**ACTIVITY**
Skip the pictures. Output only the lines below starting at the line with "paisaje urbano con" and ending at the line with "Peter Hillert, Earth", both ends included, exactly as they are.

**INPUT**
━━━━━━━━━━━━━━━━

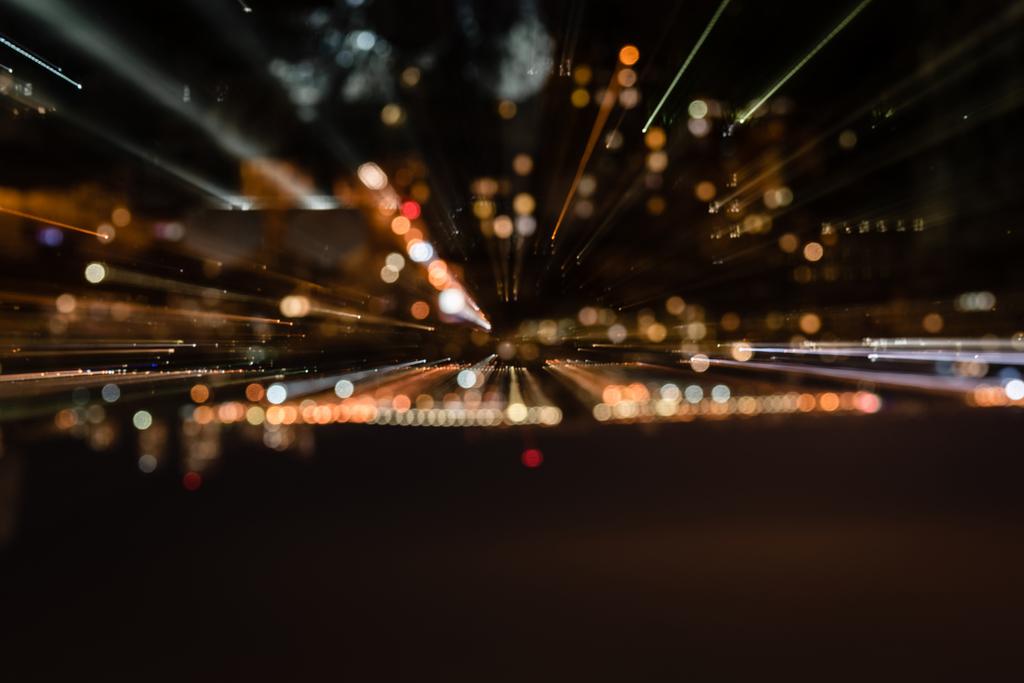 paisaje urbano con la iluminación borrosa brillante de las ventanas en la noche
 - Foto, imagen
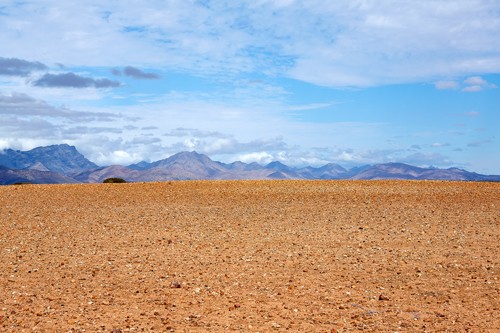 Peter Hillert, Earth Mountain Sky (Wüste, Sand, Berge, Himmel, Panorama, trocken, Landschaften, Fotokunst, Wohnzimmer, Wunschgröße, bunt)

━━━━━━━━━━━━━━━━

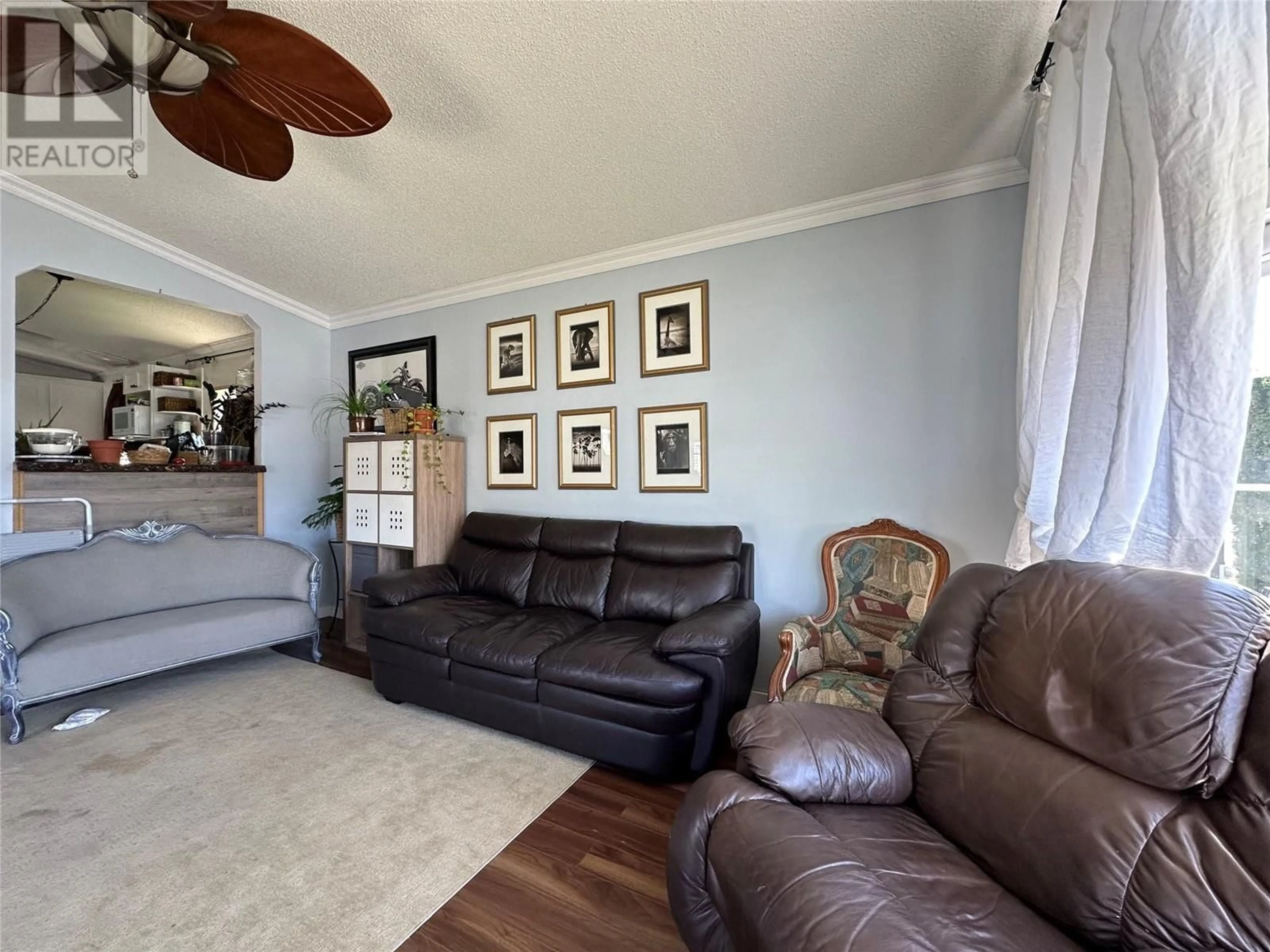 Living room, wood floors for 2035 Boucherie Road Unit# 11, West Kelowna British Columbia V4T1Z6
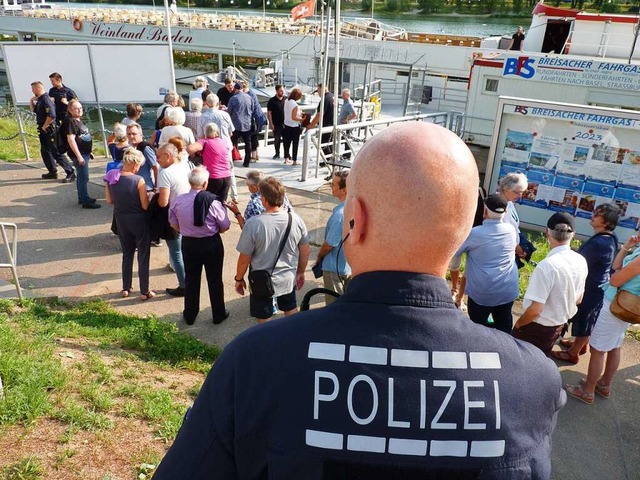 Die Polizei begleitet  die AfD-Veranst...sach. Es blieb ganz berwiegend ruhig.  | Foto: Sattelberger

━━━━━━━━━━━━━━━━

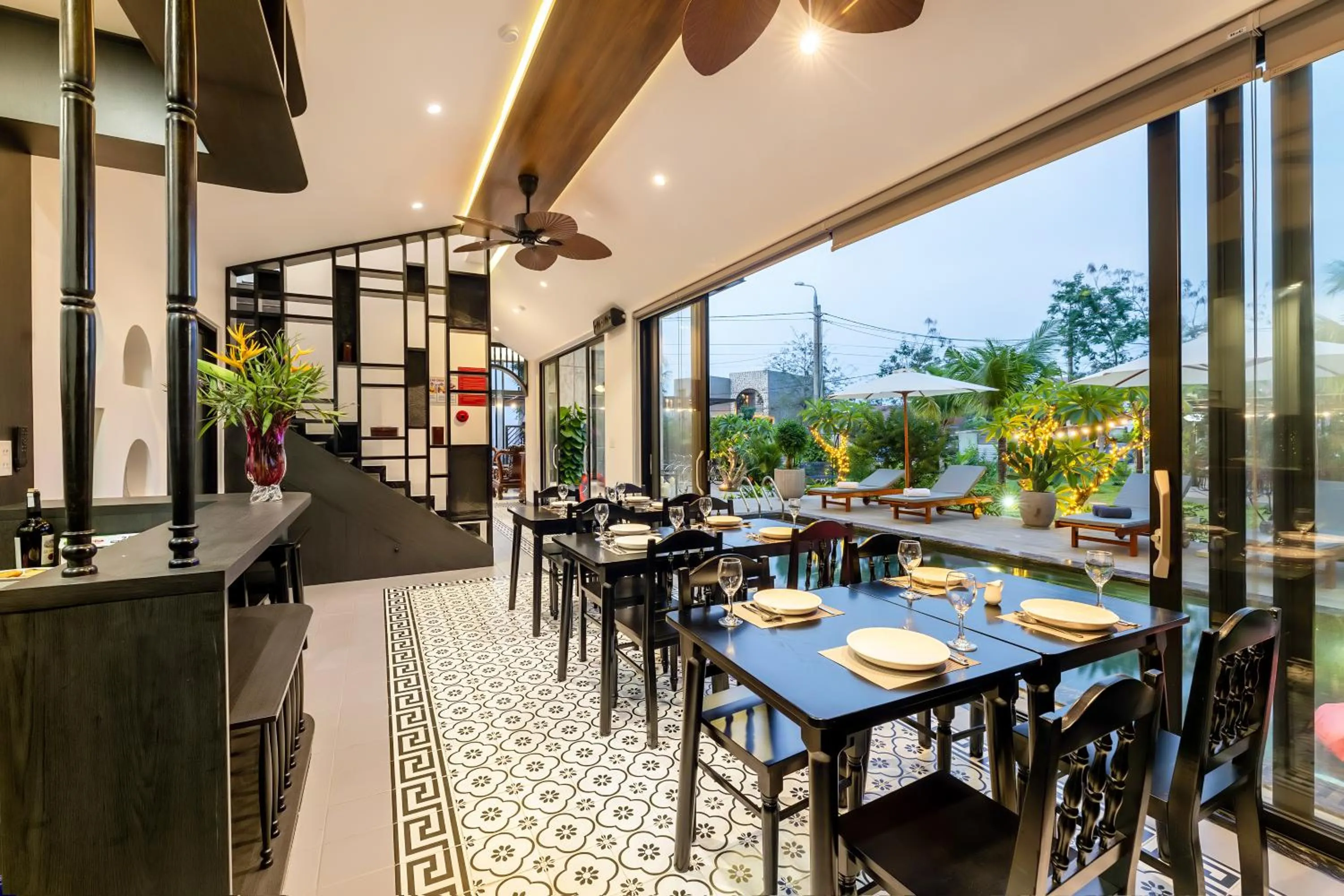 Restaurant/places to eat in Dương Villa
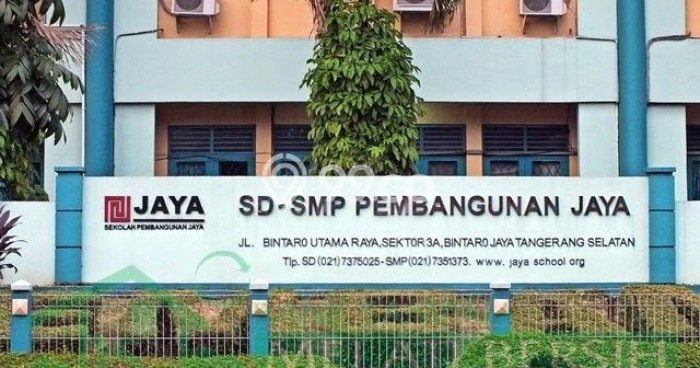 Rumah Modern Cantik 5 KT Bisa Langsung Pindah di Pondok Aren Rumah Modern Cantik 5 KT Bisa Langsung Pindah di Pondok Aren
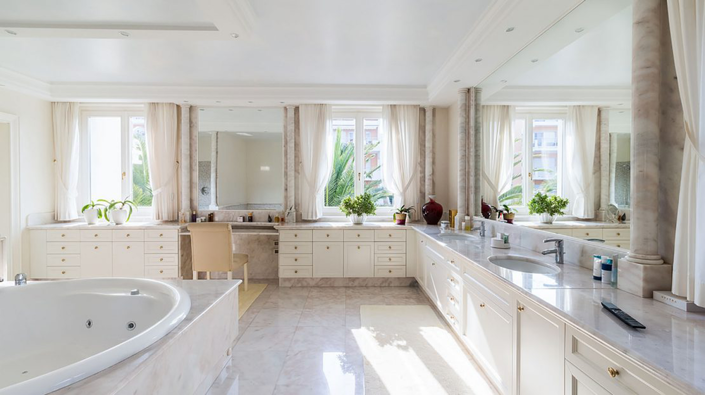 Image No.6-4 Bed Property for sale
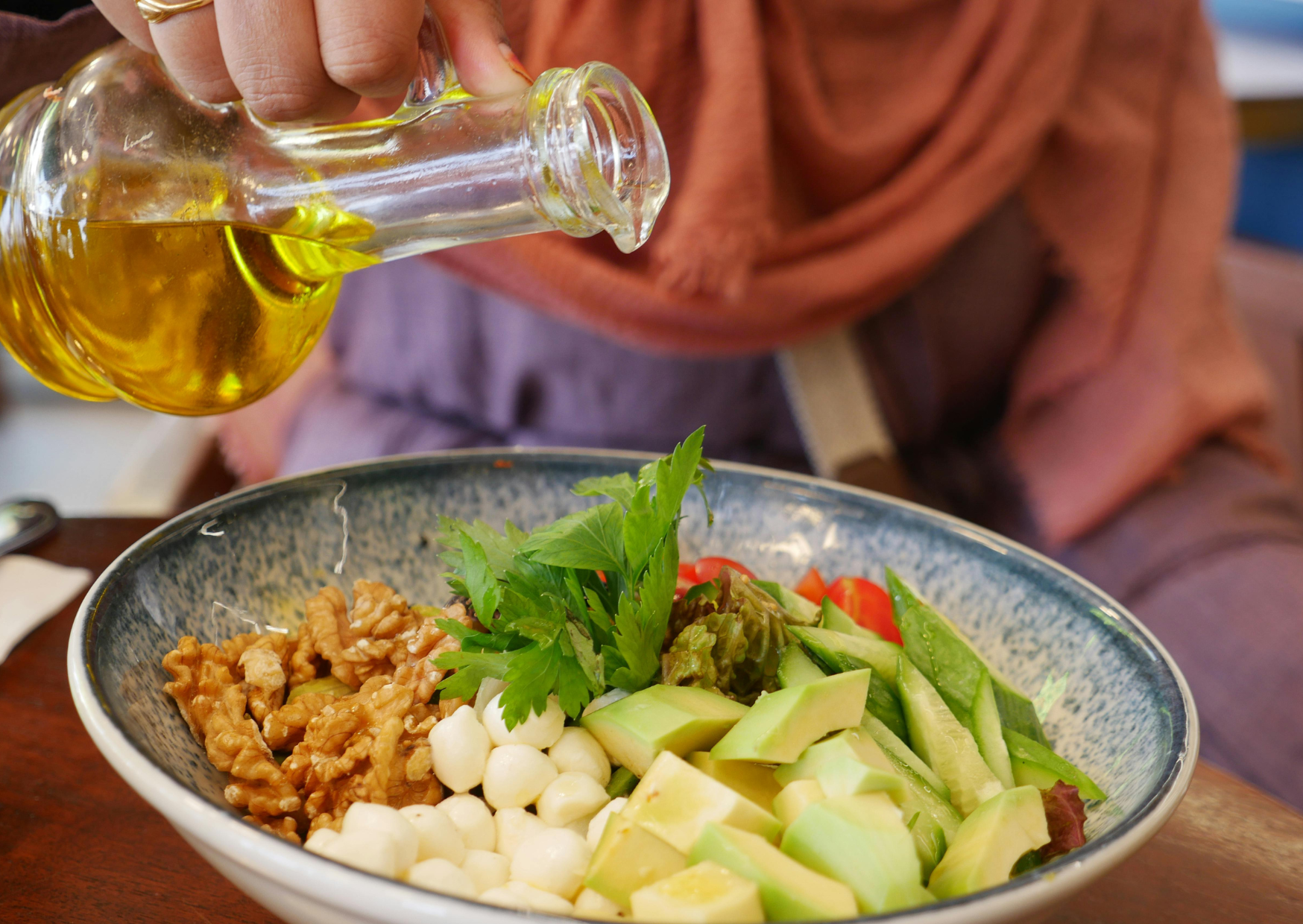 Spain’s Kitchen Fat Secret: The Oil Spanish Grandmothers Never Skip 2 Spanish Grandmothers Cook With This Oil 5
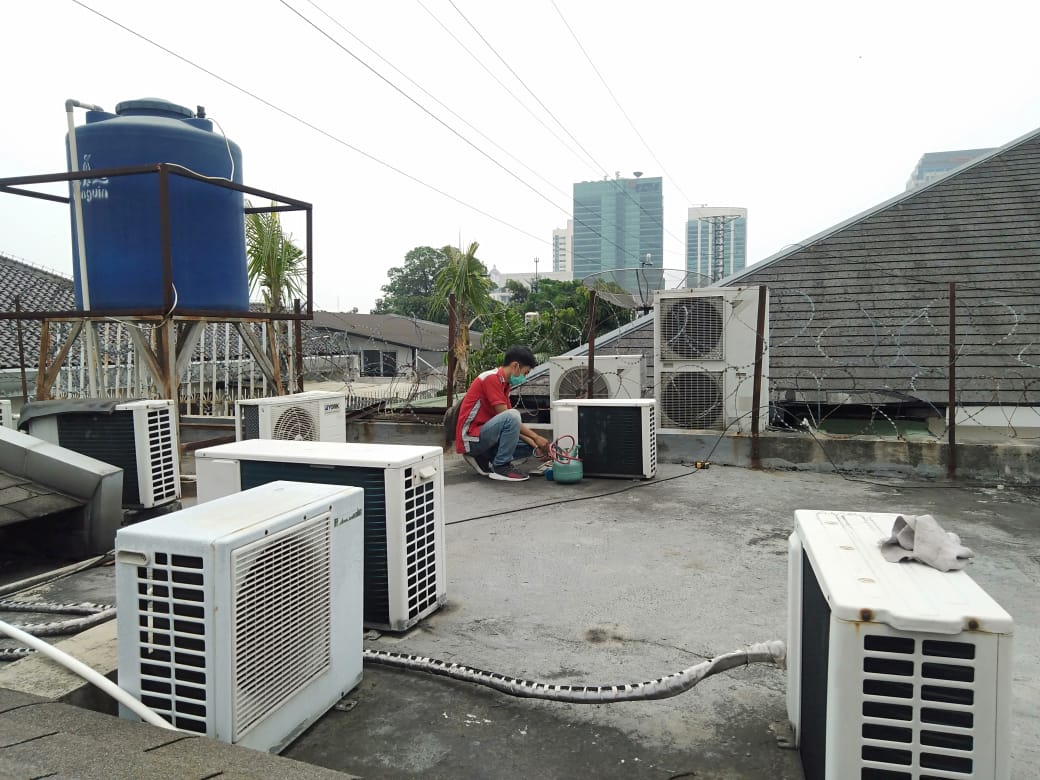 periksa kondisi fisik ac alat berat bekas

━━━━━━━━━━━━━━━━

**TASK ANSWER**
 paisaje urbano con la iluminación borrosa brillante de las ventanas en la noche
 - Foto, imagen
 Peter Hillert, Earth Mountain Sky (Wüste, Sand, Berge, Himmel, Panorama, trocken, Landschaften, Fotokunst, Wohnzimmer, Wunschgröße, bunt)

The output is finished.